To explain my use-case more, which I believe is quite common-place for myself, and other researchers:

What makes this a little tricky is that is might actually require a DSL: There might be a family of architectures that has config parameters passed in as JSON, and you might want simple for-loops and sub-graphs.

I believe a good notation would also excite the community because people know that there work would be much easier to port to other libraries.

It would definitely be my notation that this format be human-writable, not a huge text file that humans cannot easily verify are correct.

gyenesvi commented 3 years ago

Have you checked NNEF? https://www.khronos.org/nnef It has related tools and model-zoo with example models here: https://github.com/KhronosGroup/NNEF-Tools/tree/master/models

turian commented 3 years ago

@gyenesvi maybe I'm missing something but NNEF appears like ONNX? That it stores the model weights and isn't a compact human readable version of the network architecture?
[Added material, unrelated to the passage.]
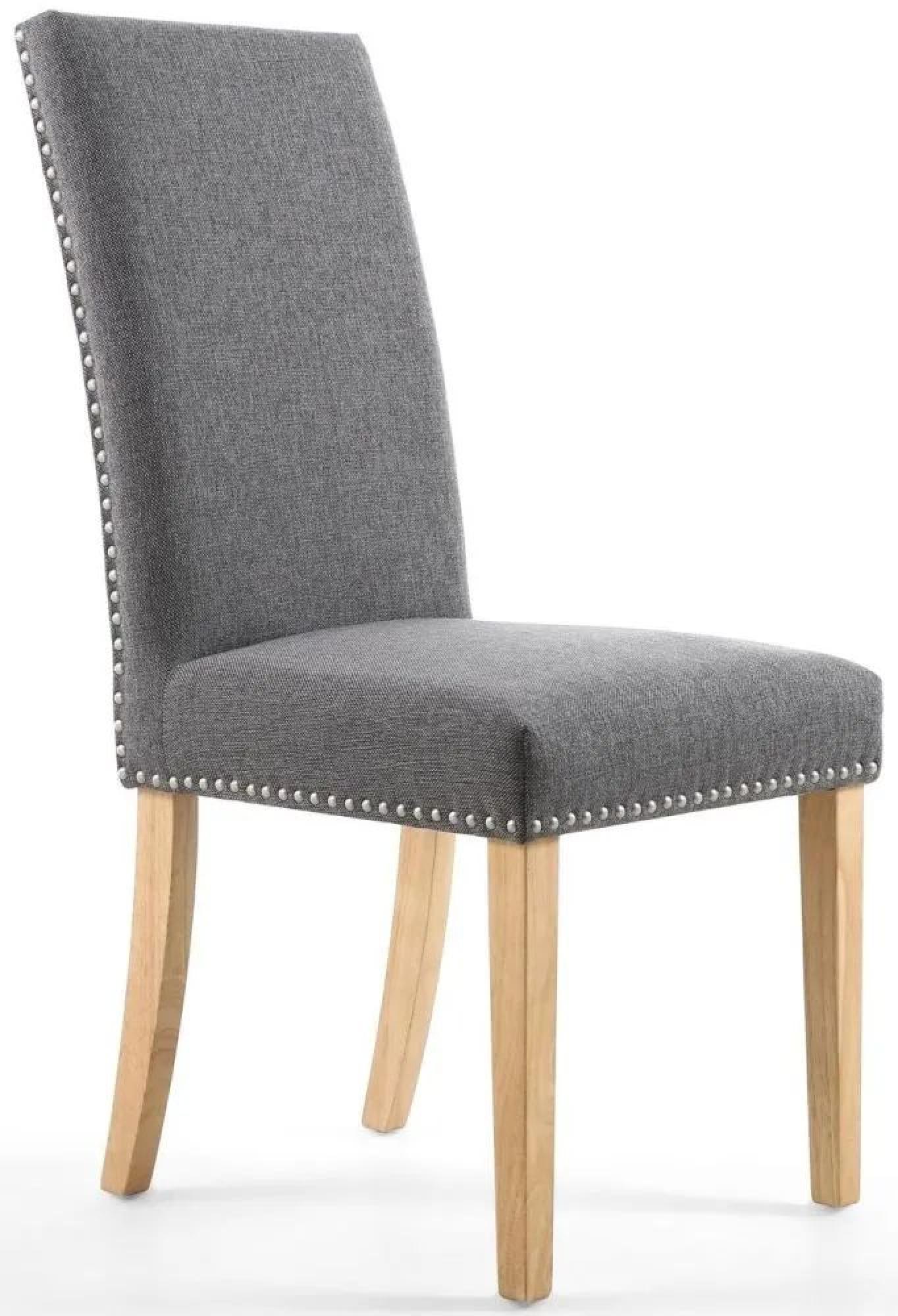 Set of 2 Randall Stud Detail Linen Effect Steel Grey Dining Chair in Natural Legs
gyenesvi commented 3 years ago

@turian I believe the relevant difference is that NNEF describes the network structure with a text based format (essentially a DSL) which is much more human readable and editable than ONNX's binary format. The model weights are necessarily stored in a binary format for compactness. Have you checked some examples in the model-zoo? You can see the compactness there, which is pretty similar to that of Python code in training frameworks, but only describes the network-structure in a cleaned up, standardized form. Isn't that what you are looking for?